As a management student in Munich, Luciana Ledesma is working on a future beyond academia.
As she finishes her MBA in innovation and business creation at the Technical Univesity of Munich, the 31 year old from Argentina expects to launch a crowd-funding platform in the UAE called Beetify in the first quarter of this year.
It will "help you knock on doors", says Ms Ledesma, who worked in the government energy sector in the UAE for four years before moving to Germany.
"This will give talented young people in the UAE not only a funding source, but also feedback from potential customers and mentorship," she said during the Arab Innovation Network conference in Abu Dhabi last month.
Crowd funding is growing in popularity for small-to-medium sized businesses, start-ups and even creative ventures, such as short films and documentaries, in the UAE.
Along with Aflamnah and Eureeca.com, the Beetify site not only promises to add another funding tool to Emirati and expatriate entrepreneurs, but also to mentor them, as well as engaging them in pre-sales and brand-building activities.
Beetify expects to launch with two companies, including one that will create a diabetes mobile app in Arabic. In the first year, it expects to support six companies and new ones every two weeks.
"We are looking at 30 inquiries now," Ms Ledesma says.
It is receiving applications through its preliminary website, Beetify.com, as part of its pre-launch.
To ensure investors are not taken for a ride by fraudsters, Beetify will assess the applications to gauge the commitment of entrepreneurs seeking funds and share their information on the website. "For example, we ask the creator to be specific on what it needs the money for and give details when possible," Ms Ledesma says. "This would show that he or she has already done research to conduct the project and the quality of this research will not only help us to select them, but also to convince potential funders."
As a concept that has grown since it was pioneered in 2009 by the American platform Kickstarter, crowd funding has attracted new laws in the United States.

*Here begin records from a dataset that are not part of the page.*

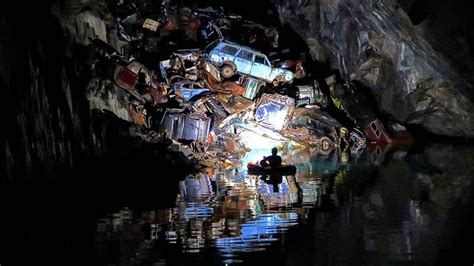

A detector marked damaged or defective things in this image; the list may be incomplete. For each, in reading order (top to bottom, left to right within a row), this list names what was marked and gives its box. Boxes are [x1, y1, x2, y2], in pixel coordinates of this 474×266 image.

crushed vintage car [203, 39, 292, 82]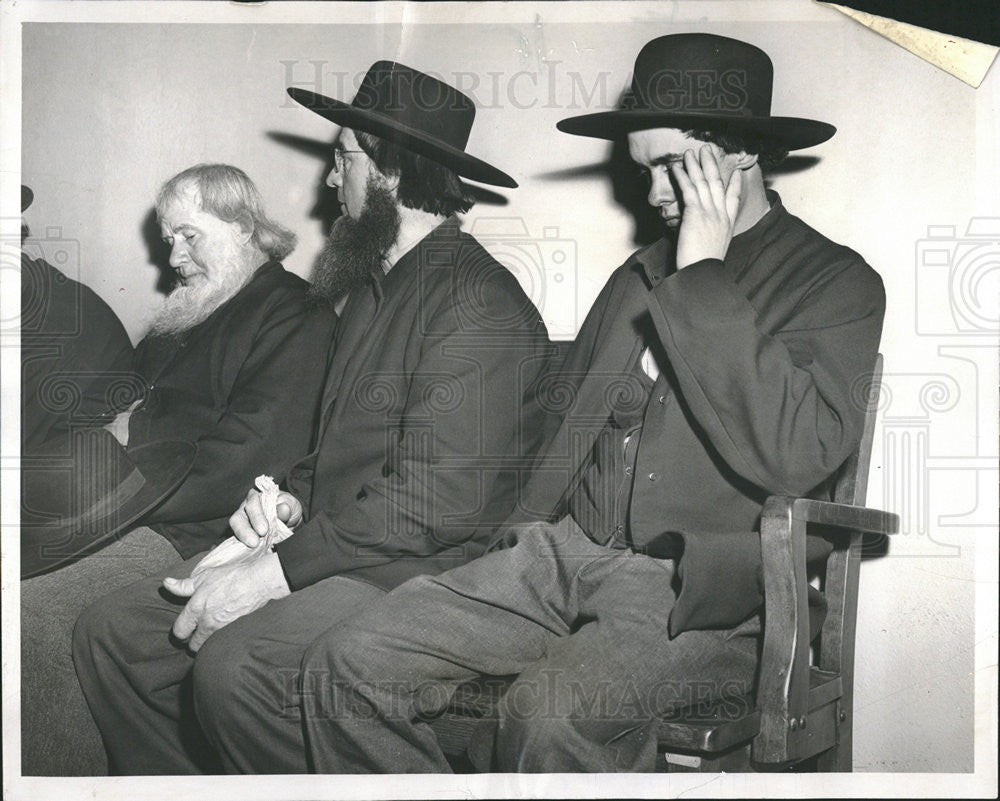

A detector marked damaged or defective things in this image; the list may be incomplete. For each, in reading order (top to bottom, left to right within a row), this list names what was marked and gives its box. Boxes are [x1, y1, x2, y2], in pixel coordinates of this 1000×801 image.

torn paper corner [816, 1, 996, 88]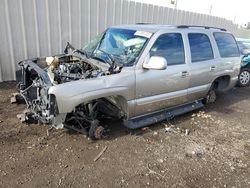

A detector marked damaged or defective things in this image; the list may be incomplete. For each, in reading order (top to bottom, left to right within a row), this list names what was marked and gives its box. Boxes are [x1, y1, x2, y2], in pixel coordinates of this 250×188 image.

damaged suv [13, 24, 240, 138]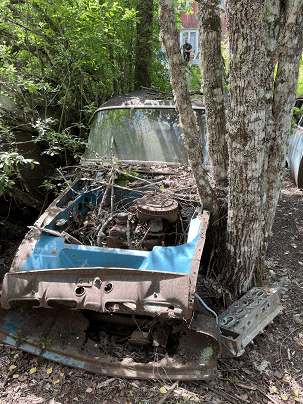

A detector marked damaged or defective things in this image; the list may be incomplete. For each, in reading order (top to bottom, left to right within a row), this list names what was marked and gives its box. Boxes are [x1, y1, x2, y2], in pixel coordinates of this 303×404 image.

broken windshield [82, 109, 208, 164]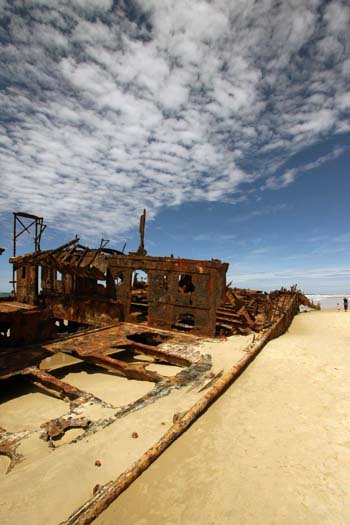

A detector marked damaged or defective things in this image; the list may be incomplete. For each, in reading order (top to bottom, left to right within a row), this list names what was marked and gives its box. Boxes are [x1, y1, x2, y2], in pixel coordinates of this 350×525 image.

rusted steel frame [20, 366, 89, 400]
rusted steel frame [68, 350, 164, 382]
rusted steel frame [61, 294, 300, 524]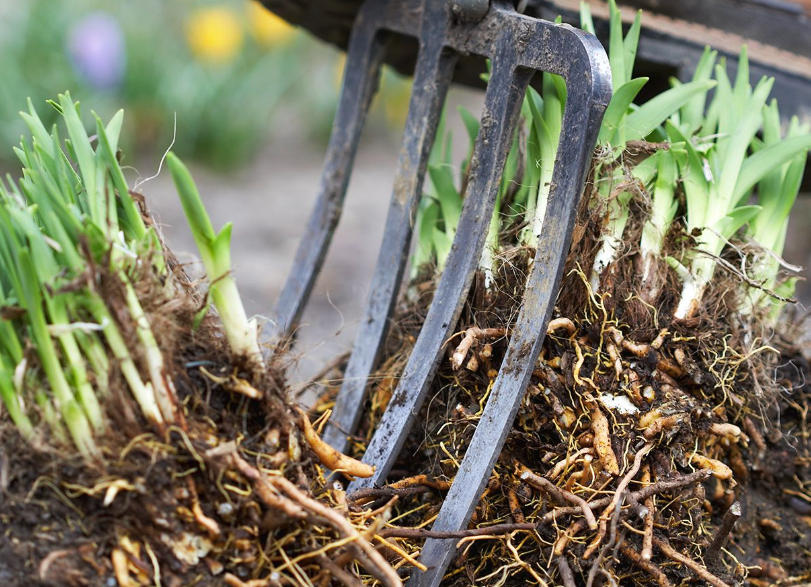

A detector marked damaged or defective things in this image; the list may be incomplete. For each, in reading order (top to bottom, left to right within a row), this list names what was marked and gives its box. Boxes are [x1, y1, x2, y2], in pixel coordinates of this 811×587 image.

rusty metal tine [268, 14, 388, 354]
rusty metal tine [324, 9, 464, 458]
rusty metal tine [348, 40, 532, 492]
rusty metal tine [410, 27, 612, 587]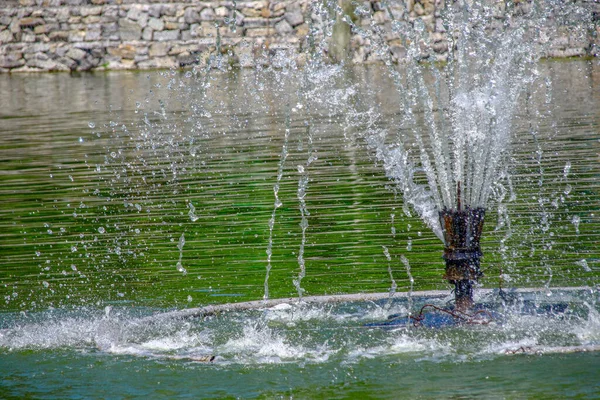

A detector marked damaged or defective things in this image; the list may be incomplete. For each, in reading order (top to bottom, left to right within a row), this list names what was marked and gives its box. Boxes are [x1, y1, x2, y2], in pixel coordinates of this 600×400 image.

rusty metal fixture [438, 206, 486, 312]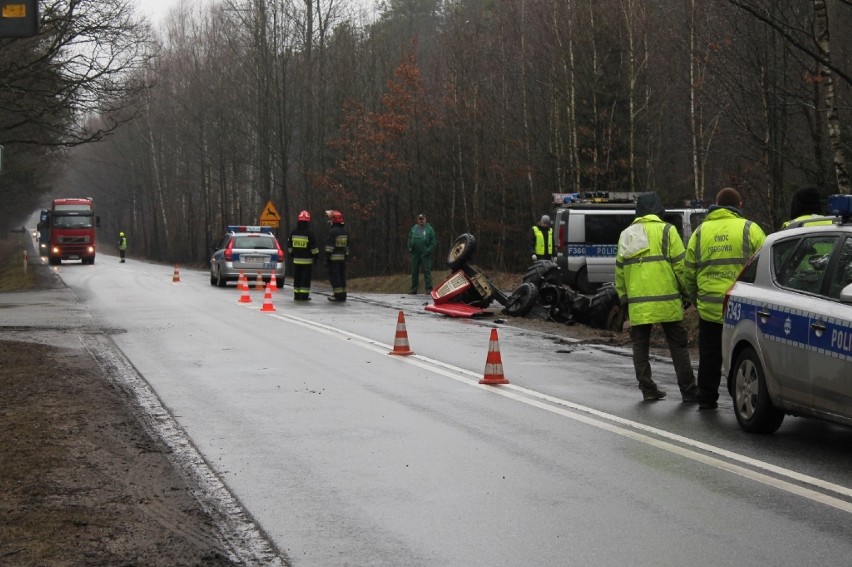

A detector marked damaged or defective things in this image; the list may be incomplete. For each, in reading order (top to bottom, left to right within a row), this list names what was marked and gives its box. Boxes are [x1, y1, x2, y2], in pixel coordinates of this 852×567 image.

overturned red vehicle [426, 233, 624, 332]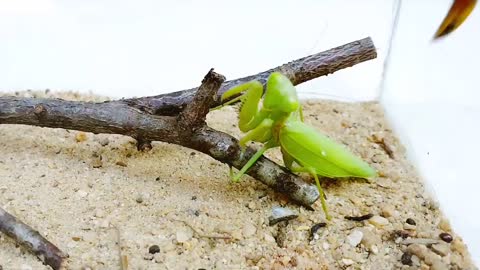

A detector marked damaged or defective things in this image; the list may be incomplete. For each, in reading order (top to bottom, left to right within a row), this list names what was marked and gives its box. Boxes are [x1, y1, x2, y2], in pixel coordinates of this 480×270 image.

small broken stick [0, 207, 67, 268]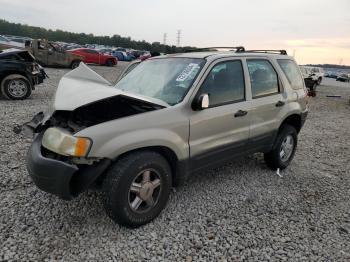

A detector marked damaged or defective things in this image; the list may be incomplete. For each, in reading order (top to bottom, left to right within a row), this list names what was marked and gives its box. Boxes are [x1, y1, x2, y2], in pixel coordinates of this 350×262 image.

wrecked vehicle [0, 48, 46, 99]
wrecked vehicle [26, 39, 83, 69]
crumpled hood [53, 63, 170, 111]
damaged headlight [41, 127, 91, 157]
crushed bumper [26, 134, 110, 200]
front end damage [24, 64, 167, 200]
wrecked vehicle [26, 48, 308, 227]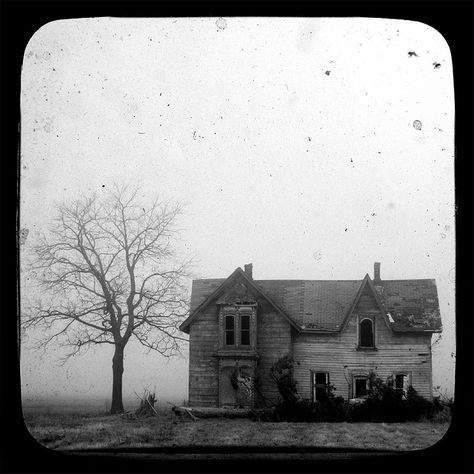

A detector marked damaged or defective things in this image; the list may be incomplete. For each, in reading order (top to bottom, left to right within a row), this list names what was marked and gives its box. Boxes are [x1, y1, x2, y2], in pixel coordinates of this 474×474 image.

President Barack Obama's administration passed the Jumpstart Our Business Startups Act, under which investors might get equity in the company they fund. In 2011, Kickstarter attracted US$100 million (Dh367m), up from $28 million in 2010.
"With the current regulation [in the UAE], reward-based platforms can operate without the need for new regulations," Ms Ledesma says.
Beetify would charge a commission of 5 to 10 per cent based on the industry and no initial membership fees.
While Aflamnah funds films and documentaries, Eureeca.com has an equity-based model. "We bring, for the first time, opportunities to the public to invest in growing businesses that previously were only open to angel or venture-capital investors," says Christopher Thomas, the chief executive at Eureeca.com. It expects to launch this month with about four projects.
Eureeca.com also encourages fund seekers to offer opportunities for early exit, where investors can sell shares back to the entrepreneur at an agreed rate on an agreed date and also provide benefits, such as lifetime loyalty discount cards, free products and subscription benefits.
It is looking at about 300 applications, 70 per cent of which are from the UAE. The remainder are from Jordan, Lebanon, Egypt, Malaysia and the United Kingdom.
The minimum investment has been fixed at $100 per project.
This is the gap that Beetify hopes to plug: bringing together innovation lovers to invest as little as Dh50 in a project.
"The funders will get something, but not necessarily monetarily," Ms Ledesma says. "The main idea is to empower this generation."